I think this is worth investigating.

The divergence plots are there to show that this didn’t appear to be increasing the number of them.

This would handle them differently, right? Trajectories marked divergent are ones where there are leapfrog steps with huge energy errors? In the original method, these points would have close to a zero Metropolis accept probability and would cause the timestep to get smaller.

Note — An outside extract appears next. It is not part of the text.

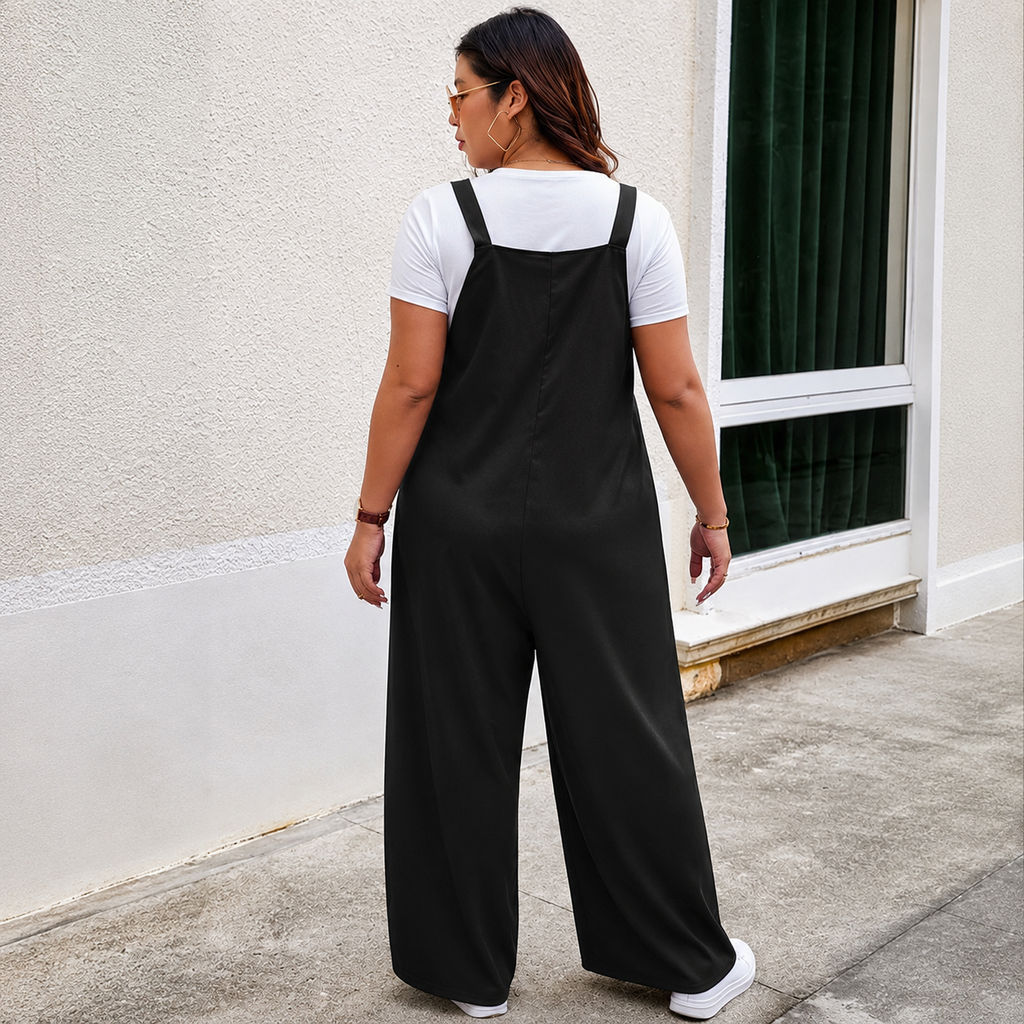 Plus Sleeveless Loose Fit Solid Pockets Jumpsuit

And what’d happen with this method? The leapfrog steps with huge energy error would just influence the timestep less? This makes me think if there was potential for divergences before, it’d be a little bit higher now. These tests weren’t really enough to probe this I guess.

1 Like

The problem is that waiting to additively expand until later doesn’t offer much computational advantage. You still have to save every state in the trajectory in order to accept those later additive expansions, and you still have to check the new state against every existing state. Doing a multiplicative expansion first just saves some relatively inexpensive calculations, not the really costly ones.

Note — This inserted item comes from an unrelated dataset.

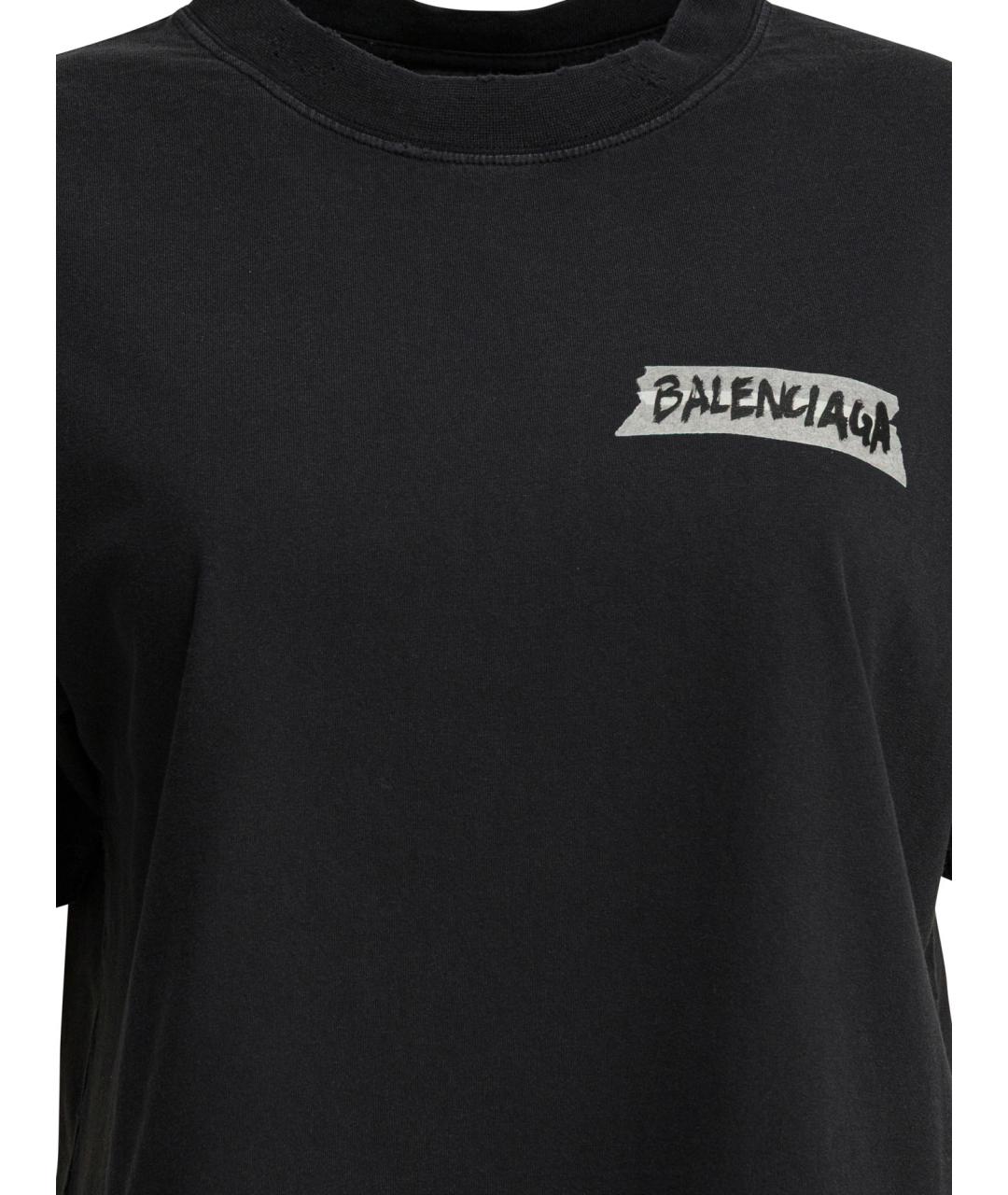 BALENCIAGA Черная хлопковая футболка, фото 3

Yeah, really all of the old BUGS models need investigating!

If the inverse metrics and step sizes are nearly the same and there aren’t divergences then I don’t know what would be causing huge time differences.

Again the biggest issue with touching the step size concerns the dynamic trajectory expansion. Firstly by decreasing the step size you can hit a threshold where you need a little bit more integration time but can only achieve that by performing an entire trajectory doubling (the max cost difference here is then only about 2). By increasing the step size you can then potentially get significant speed ups if you were just past the threshold before, but at the same time larger step sizes make the termination criterion less accurate and hence you might accidentally expand past the point you care about. But again the speed difference should be less than a factor of 2.

Right – the divergent end of the trajectory would be downweighted in computing the accept stat, leading to higher accept stats and the adaptation pushing to higher step sizes. But the trajectory would still be marked as divergent, which is the most important thing.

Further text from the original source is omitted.